In this sketchy review of the programmes of the different groups of Russian revolutionaries we must not forget that the views according to which “all constitutions” were only more or less unprofitable contracts with the devil, as old F. H. Jacobi put it – such views, we say, were typical not only of the Narodniks and anarchists. If the reader knows about Frederick Engels’ polemic with p.Titachov, [9] he will probably remember that the editor of Nabat, a who disagreed with the Bakuninists on the question of practical struggle, was in perfect agreement with them on their basic views about the social and political condition of our country. He looked at it through the same prism of Russian exceptionalism and the “inborn communist tendencies of the Russian people”. [10] Like a genuine Blanquist he did not deny “politics”, of course, but he understood it exclusively as a plot whose purpose is to seize state power. This purpose, it seems, occupied the whole field of vision of our Blanquists of that time and led them to many contradictions. To remain consistent they had to admit that their activity could be useful to the cause of progress only in the exceptional case that the blow they dealt would not deviate a hair’s breadth from its target.
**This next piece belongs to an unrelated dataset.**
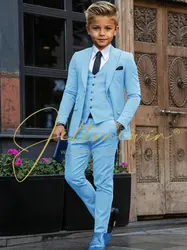 Suit For Boys Formal Party Jacket Pants Three Piece 3-16 Years Old Wedding Tuxedo Kids Blazer Child Set costume enfant garçon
If their planned seizure of power is a failure, if their plot is discovered or the revolutionary government is overthrown by the liberal party, the Russian people, far from winning anything, will risk losing much. The last of the supposed cases is particularly disastrous. The liberals will establish a strong government which will be far more difficult to fight than modern “absolutely absurd” and “absurdly absolute” monarchy, while “the fire of economic progress” will destroy the radical bases of the people’s life. Under its influence exchange will develop, capitalism will consolidate itself, the very principle of the village commune will be destroyed – in a word, the river of time will wash away the stone from which the communist heaven is within hand’s reach. In cases of failure the Russian Blanquists would be bound to do terrible damage to the cause of popular emancipation and thus fall into the tragic position of William Tell, who had to risk the life of his own son. And as they have hardly distinguished themselves by the skill of the mythic Swiss “seditionary”, the Russian people would not shout to them:

Shoot! I fear not!

if it adopted their view on the “radical bases” of its life and had been invited to give its opinion about their programme.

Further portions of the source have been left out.